Em ambos os casos aqui relatados, foi possível a utilização da ATI direita in situ para revascularizar a Cx através do seio transverso, em um caso sem uso de CEC. Essa técnica possibilita a conjugação de dois grandes avanços recentes da cirurgia de RM, ou seja, a técnica sem uso de CEC e a utilização de enxerto duplo de ATI para o sistema coronariano esquerdo8.

No primeiro caso, a ATI direita teve que ser anastomosada à Cx em seu trajeto retroaórtico, logo após a obstrução aterosclerótica, pelo reduzido calibre dos ramos marginais. No segundo caso, foi possível a realização da técnica convencional, com revascularização da artéria marginal na parede lateral, com enxerto de ATI direita.

Comparada à técnica convencional, a RM sem CEC está associada a melhor resultado imediato, com menor morbidade perioperatória e substancial redução de custos9. O uso bilateral de ATI proporciona benefícios adicionais, diminuindo a incidência de eventos cardiovasculares e aumentando a sobrevida em longo prazo, quando comparado ao uso único de ATI10. Esse benefício significativo ocorre quando ambas as ATIs são usadas para revascularizar o sistema coronariano esquerdo, sendo observado mesmo em subgrupos de pacientes de mais alto risco, como diabéticos, idosos e aqueles com disfunção ventricular10.

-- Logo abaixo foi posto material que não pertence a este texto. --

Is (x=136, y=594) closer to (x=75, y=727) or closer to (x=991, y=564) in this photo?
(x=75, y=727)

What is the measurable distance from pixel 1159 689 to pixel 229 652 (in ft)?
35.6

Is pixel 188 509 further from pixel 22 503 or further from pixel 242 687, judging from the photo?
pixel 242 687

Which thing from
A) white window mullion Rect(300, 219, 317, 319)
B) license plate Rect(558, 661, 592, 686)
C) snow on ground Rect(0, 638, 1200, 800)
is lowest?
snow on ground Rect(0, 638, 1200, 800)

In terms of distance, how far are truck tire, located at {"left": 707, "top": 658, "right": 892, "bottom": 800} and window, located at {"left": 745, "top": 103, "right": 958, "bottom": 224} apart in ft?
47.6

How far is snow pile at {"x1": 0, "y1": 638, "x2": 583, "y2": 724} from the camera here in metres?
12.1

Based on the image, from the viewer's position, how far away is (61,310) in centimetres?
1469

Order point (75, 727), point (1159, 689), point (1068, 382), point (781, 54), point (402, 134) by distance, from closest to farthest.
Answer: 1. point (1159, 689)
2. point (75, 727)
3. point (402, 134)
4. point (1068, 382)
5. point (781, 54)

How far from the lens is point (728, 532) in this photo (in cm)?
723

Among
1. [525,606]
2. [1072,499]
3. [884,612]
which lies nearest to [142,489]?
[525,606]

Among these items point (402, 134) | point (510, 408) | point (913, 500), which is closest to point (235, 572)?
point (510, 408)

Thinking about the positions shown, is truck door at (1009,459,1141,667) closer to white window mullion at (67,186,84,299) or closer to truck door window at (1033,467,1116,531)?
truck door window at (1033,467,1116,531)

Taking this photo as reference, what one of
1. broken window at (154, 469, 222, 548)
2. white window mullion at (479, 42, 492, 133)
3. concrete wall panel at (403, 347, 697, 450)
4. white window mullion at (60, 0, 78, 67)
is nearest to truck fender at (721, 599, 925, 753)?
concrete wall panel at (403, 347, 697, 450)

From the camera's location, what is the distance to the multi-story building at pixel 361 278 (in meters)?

Em conclusão, a revascularização cirúrgica completa do miocárdio é factível em casos de OAAC, com uso de enxerto bilateral de ATI. Entretanto, essa variação pode constituir dificuldade técnica ao cirurgião por apresentar detalhes anatômicos inusitados. As técnicas aqui empregadas mostraram-se efetivas no tratamento das diferentes formas de apresentação da OAAC.

Potencial Conflito de Interesses

Declaro não haver conflitos de interesses pertinentes.

Artigo recebido em 26/05/06; revisado recebido em 28/10/06; aceito em 06/12/06.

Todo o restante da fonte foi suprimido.